At SQLBits last month I presented a session about building cubes from transaction systems. Presentation slides are here. I’m going to write some of the points from that session as blog posts.
One of the primary challenges of building cubes from a transaction system is that we don’t have nice small dimension tables. Sometimes we need to create a dimension from a large table, say 100 million rows. When we do this, if we use the primary key of the large table, the DSV query will have the same grain as the large table and we will end up with 100 million rows in our DSV query:
select pk as dim_key, attribute1, attribute2 from large_table
Dimension processing will be a lot quicker if we select distinct those attribute, and use their concatenation as the dim key:
select distinct attribute1 + attribute2 as dim_key, attribute1, attribute2 from large_table
This way the dimension will only contain the crossjoin of attribute1 & attribute2 (say 10,000 rows) rather than 100 million rows. The query will be even faster if attribute1 & 2 are included in a covering index.
Some notes when doing this:
- NULL + ‘a’ = NULL, so convert NULL to blank string like this: isnull(attribute1,’’)
- Use |, ~ or ¬ to separate attributes for clarity
- Trim the attributes on the dim key. Dim key is also on the fact table and fact table is usually a large table so we want its columns to be slim.
So the query becomes:
select distinct isnull(rtrim(attribute1),’’) + ‘|’ + isnull(rtrim(attribute2),’’) as dim_key,
attribute1, attribute2 from large_table
On the fact table SQL we produce the same dim key, by joining on the PK of the large table:
select …, isnull(rtrim(attribute1),’’) + ‘|’ + isnull(rtrim(attribute2),’’) as dim_key
from trans_table A
left join large_table B on A.fk = B.pk
But that’s joining a large table with a large table and it’s going to be slow! Yes but:
a) We can partition the measure group so the query is not so slow. Whereas on the dimension we can’t partition it.

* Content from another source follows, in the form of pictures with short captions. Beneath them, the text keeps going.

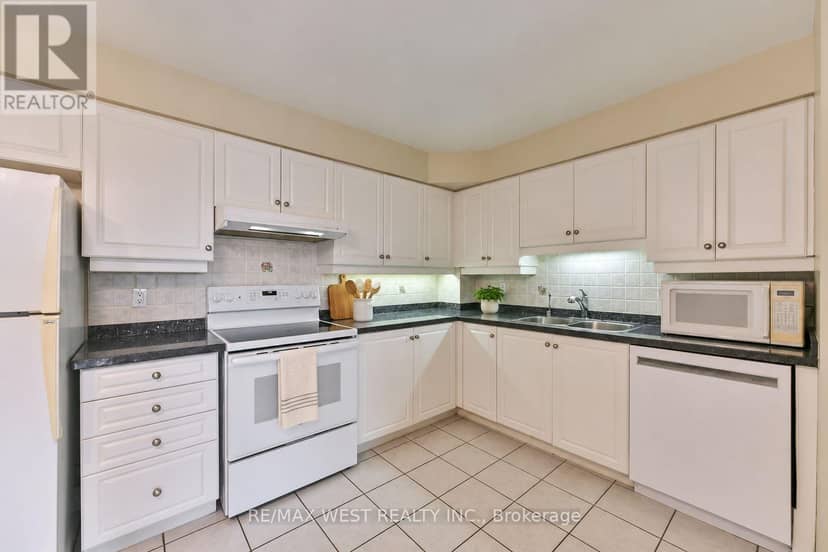 319 - 7373 Martin Grove Road — photo 18 of 40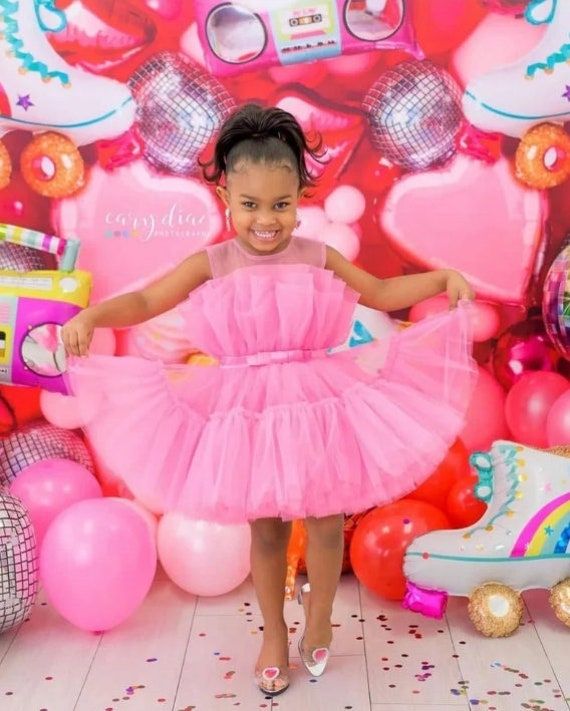 Tulle Ruffle Dress, Hot Pink Birthday, Birthday Baby Girl, Baby Birthday Dress, First Birthday Dresses, Dress Tutu, Birthday Girl Dress, Tutu Outfits, Ruffled Dress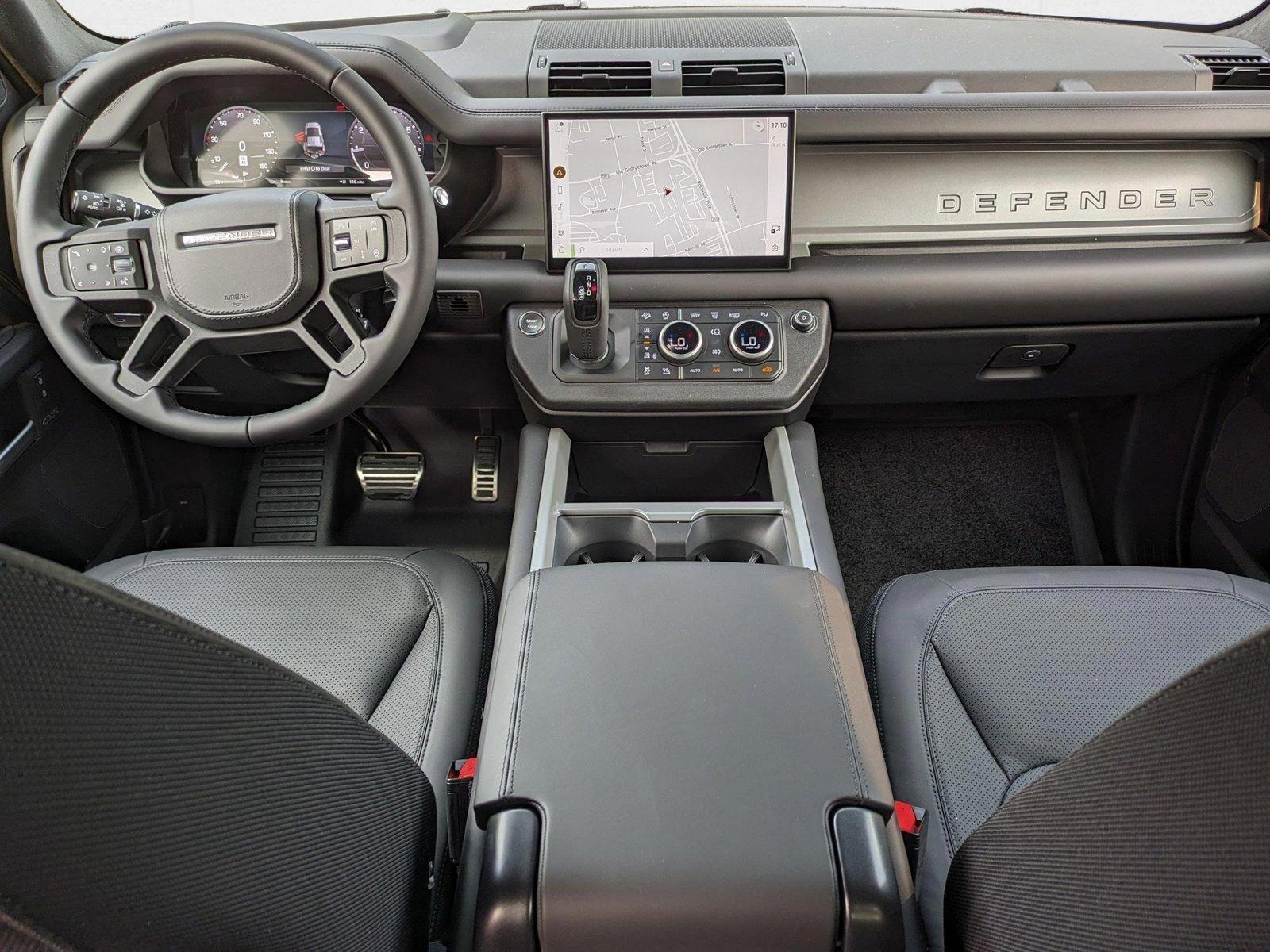 Thumbnail: 2025 Land Rover Defender - 3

b) SSAS put select distinct around the dimension query. A select distinct on 100 million takes a while. Whereas the partition query is a straight forward query (no select distinct around it).
c) In the case A & B being master-child trans tables (like order header & order detail), both tables are indexed on the PK-FK columns (order ID) so the join is efficient.
I found that overall it is quicker to put the big query on the measure group compared to putting it on the dimension.